» **Exercise instructions**: Quote the records exactly, starting at the first line and stopping after the line with "ペンション B&b Delfinia"; skip the pictures.

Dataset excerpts
__________

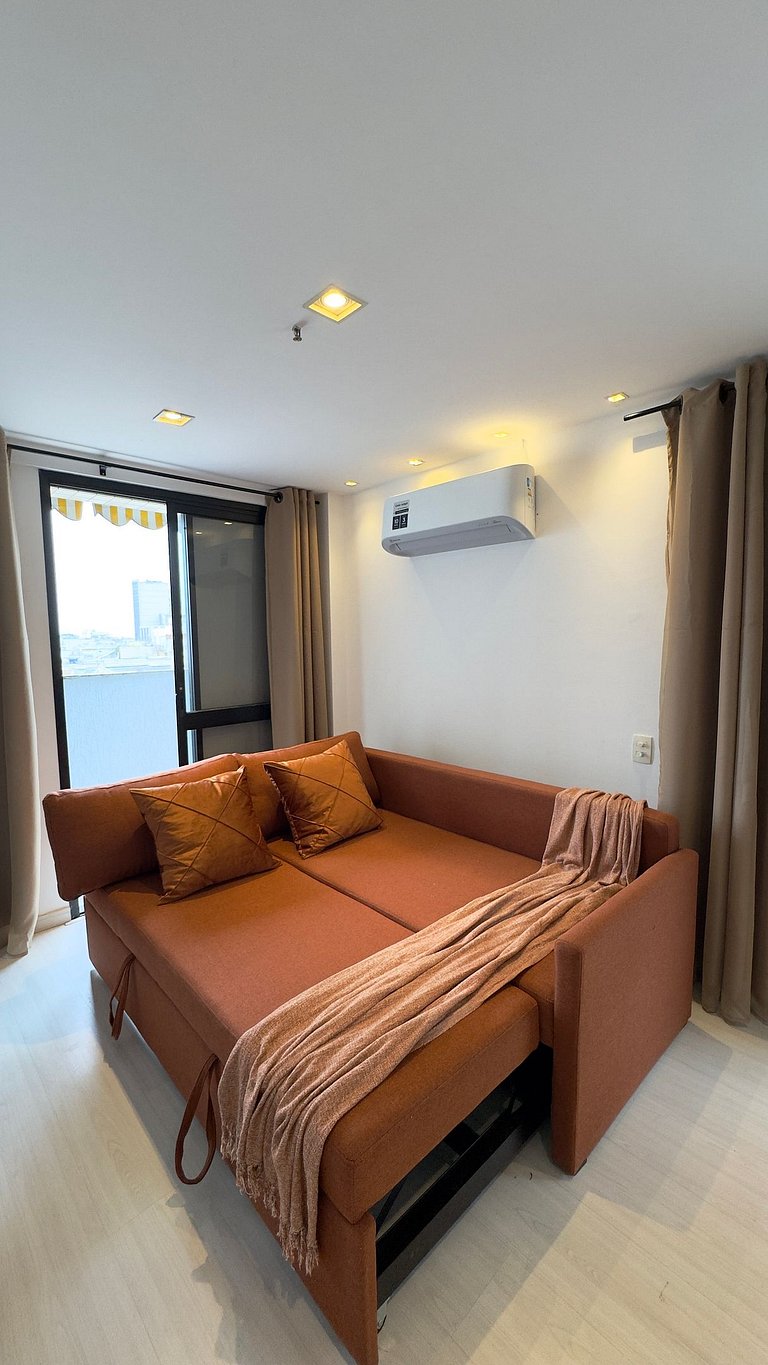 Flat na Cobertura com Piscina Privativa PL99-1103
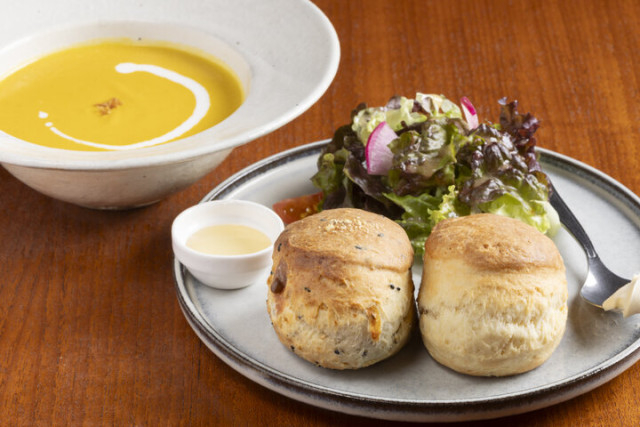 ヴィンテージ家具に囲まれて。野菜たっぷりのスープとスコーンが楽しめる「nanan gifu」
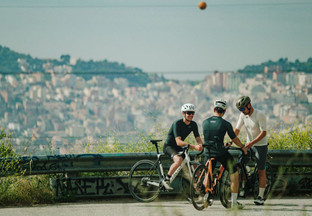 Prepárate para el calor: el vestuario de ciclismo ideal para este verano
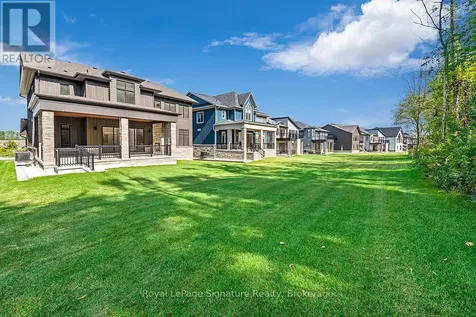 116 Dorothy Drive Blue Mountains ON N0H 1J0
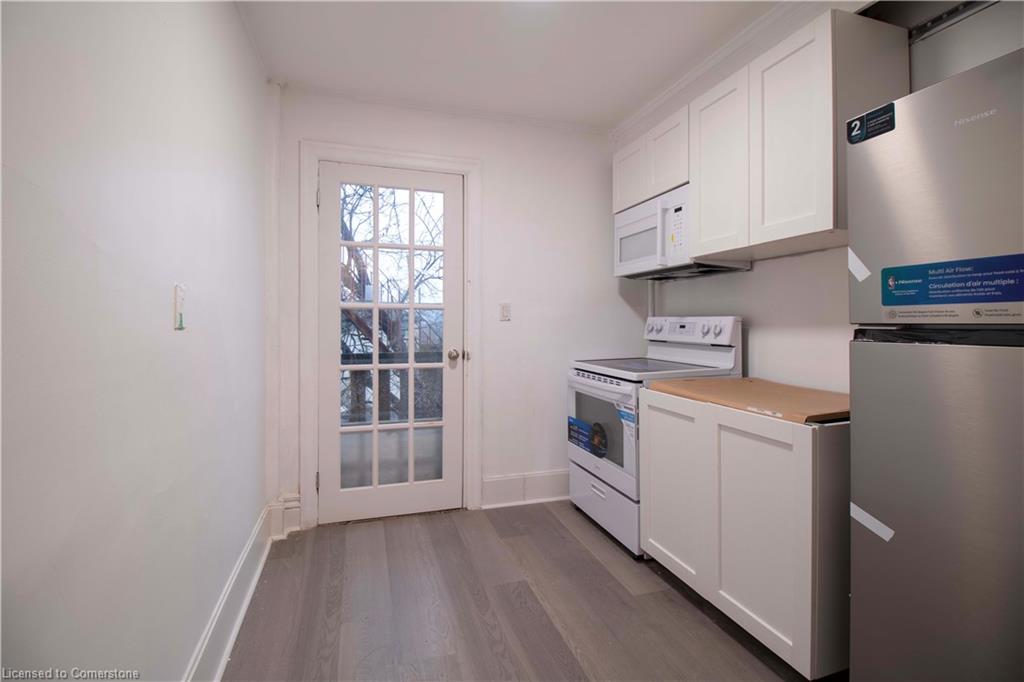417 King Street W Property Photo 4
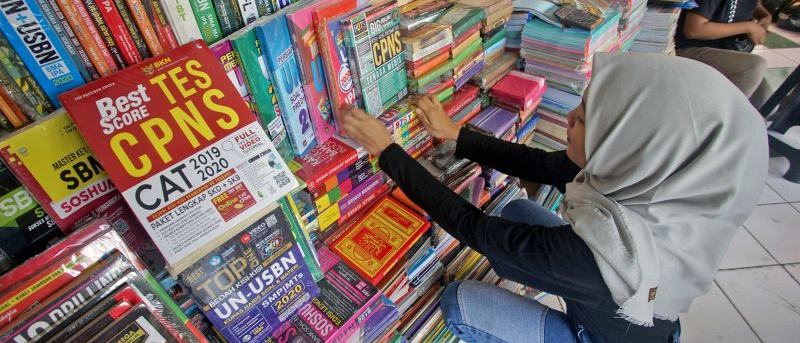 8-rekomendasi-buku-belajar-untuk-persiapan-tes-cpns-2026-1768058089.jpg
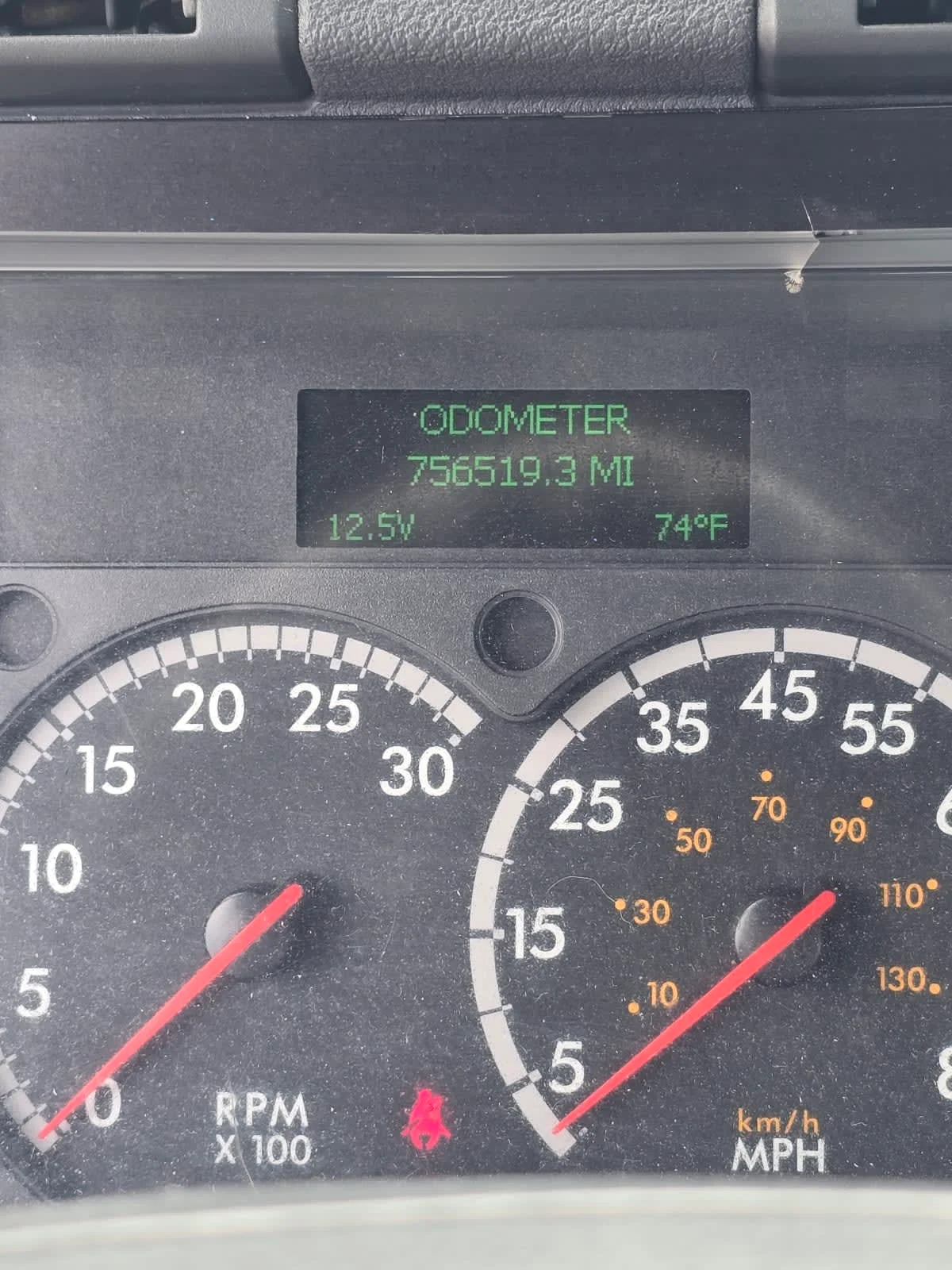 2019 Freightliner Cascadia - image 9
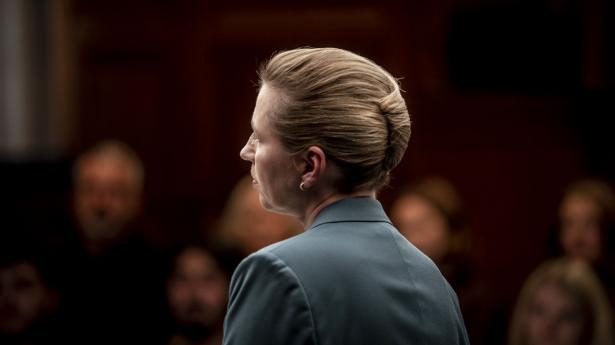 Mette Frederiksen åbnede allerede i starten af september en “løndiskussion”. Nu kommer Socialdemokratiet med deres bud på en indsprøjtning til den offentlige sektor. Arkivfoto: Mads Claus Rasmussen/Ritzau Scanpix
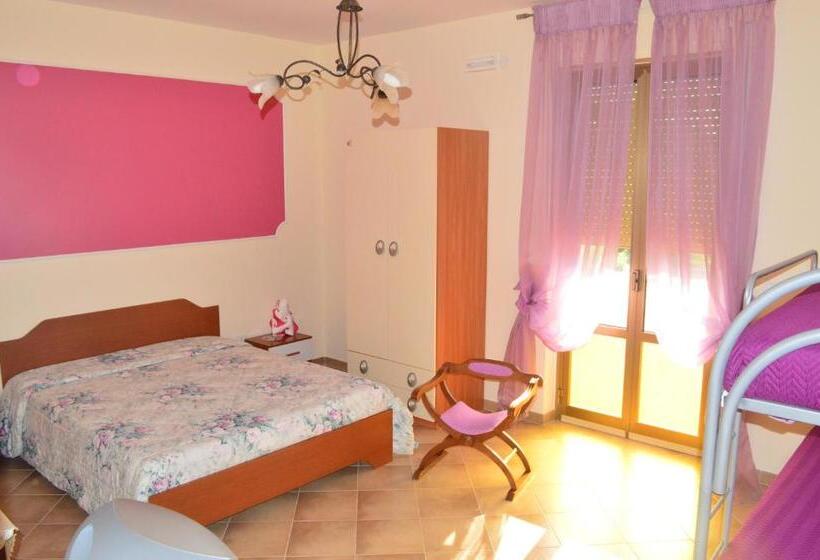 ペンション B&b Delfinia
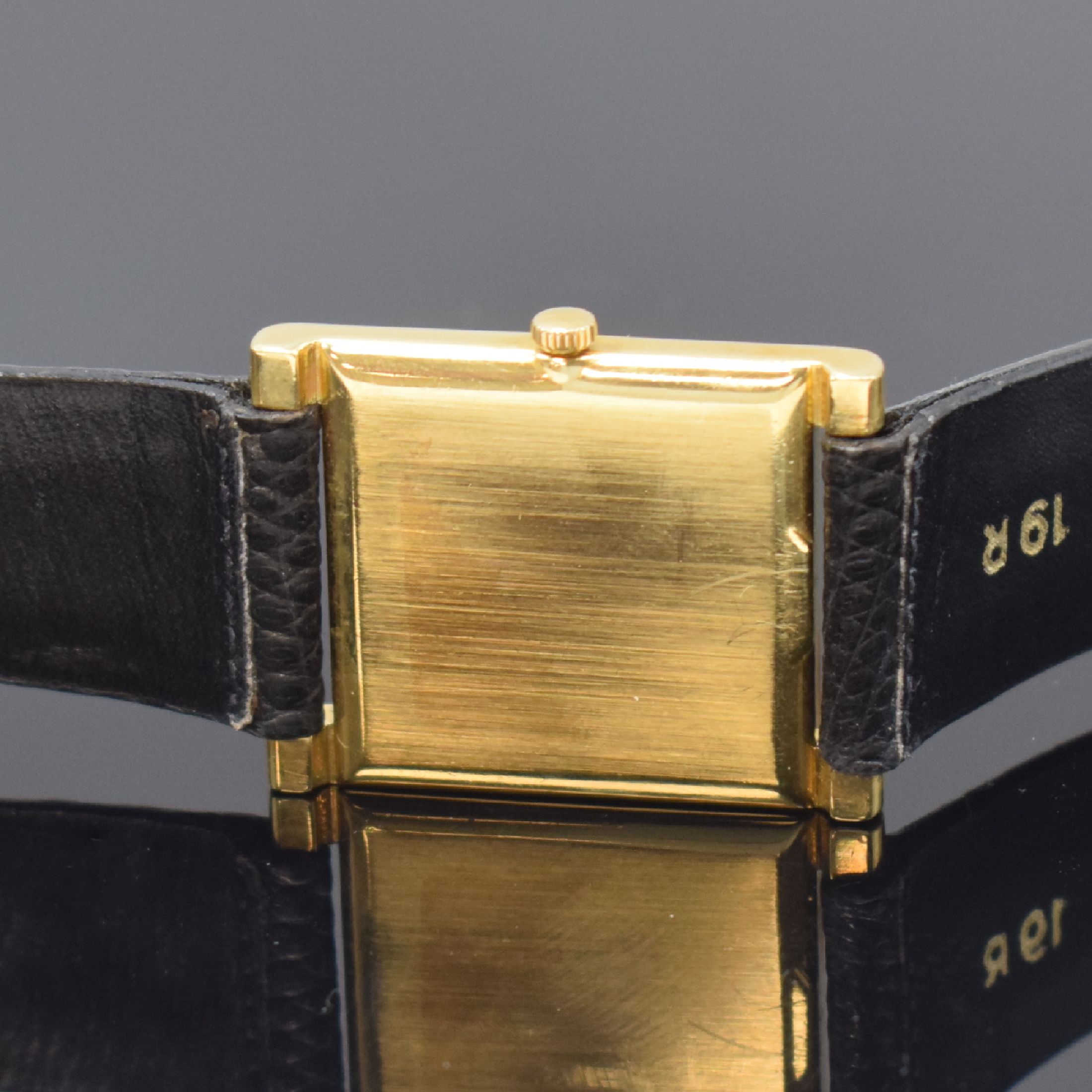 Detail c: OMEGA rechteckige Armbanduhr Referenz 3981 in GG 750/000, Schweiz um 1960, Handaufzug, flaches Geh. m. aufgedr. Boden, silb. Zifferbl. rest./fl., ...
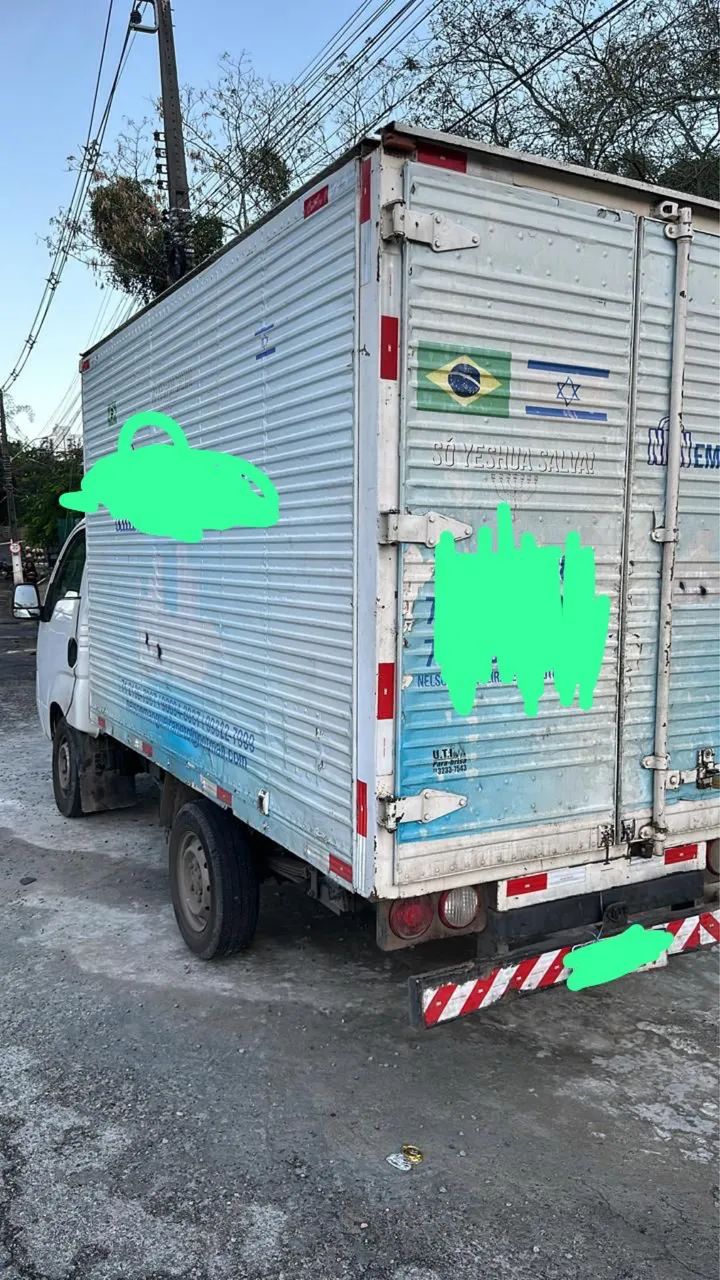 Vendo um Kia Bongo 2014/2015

__________

» **Expected output**:
 Flat na Cobertura com Piscina Privativa PL99-1103
 ヴィンテージ家具に囲まれて。野菜たっぷりのスープとスコーンが楽しめる「nanan gifu」
 Prepárate para el calor: el vestuario de ciclismo ideal para este verano
 116 Dorothy Drive Blue Mountains ON N0H 1J0
417 King Street W Property Photo 4
 8-rekomendasi-buku-belajar-untuk-persiapan-tes-cpns-2026-1768058089.jpg
 2019 Freightliner Cascadia - image 9
 Mette Frederiksen åbnede allerede i starten af september en “løndiskussion”. Nu kommer Socialdemokratiet med deres bud på en indsprøjtning til den offentlige sektor. Arkivfoto: Mads Claus Rasmussen/Ritzau Scanpix
 ペンション B&b Delfinia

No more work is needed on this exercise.